DOD proposes systems security amendment to DFARS
- By Dawn S. Onley
- May 27, 2003
The Defense Department plans to remind its acquisition workers that they must adhere to two new policies for securing systems and networks.
DOD acquisition officials need to comply with directives 8500.1 and 8500.2 when buying technology, according to a proposed amendment to the Defense Federal Acquisition Regulation Supplement that addresses information assurance requirements related to IT acquisition.
Both directives implement the National Security Telecommunications and Information Systems Security Committee's Policy No. 11, which requires information assurance be added to all Defense systems used to enter, process, display or transmit national security information.
'For all acquisitions, the requiring activity is responsible for providing to the contracting officer statements of work, specifications or statements of objectives that meet information assurance requirements,' said the proposal, which the department released Friday.
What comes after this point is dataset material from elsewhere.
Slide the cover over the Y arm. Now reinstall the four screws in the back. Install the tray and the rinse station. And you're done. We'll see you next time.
The directives also require that vendors provide or use IT that has been accredited as meeting the appropriate requirements. Vendors must submit documentation proving accreditation.
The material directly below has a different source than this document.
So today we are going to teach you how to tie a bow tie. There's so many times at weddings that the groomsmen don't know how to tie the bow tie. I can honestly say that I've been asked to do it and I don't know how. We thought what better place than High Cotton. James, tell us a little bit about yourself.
The government can choose to 'conduct additional tests to ensure that IT delivered under a contract satisfies the information assurance standards,' the amendment added.
Directive 8500.2, released in February, is the second part of a strategy to address the changing systems security needs within the department. DOD issued the first part, 8500.1, in October. The directives create a framework for DOD to follow to protect its information systems.
The policies cover several areas, including access control and firewall protection. They also place Defense systems in four categories: Automated applications enclaves, which include networksOutsourced ITPlatform IT interconnections, such as weapons systems Sensors.
DOD will accept comments about the proposed amendment until July 22.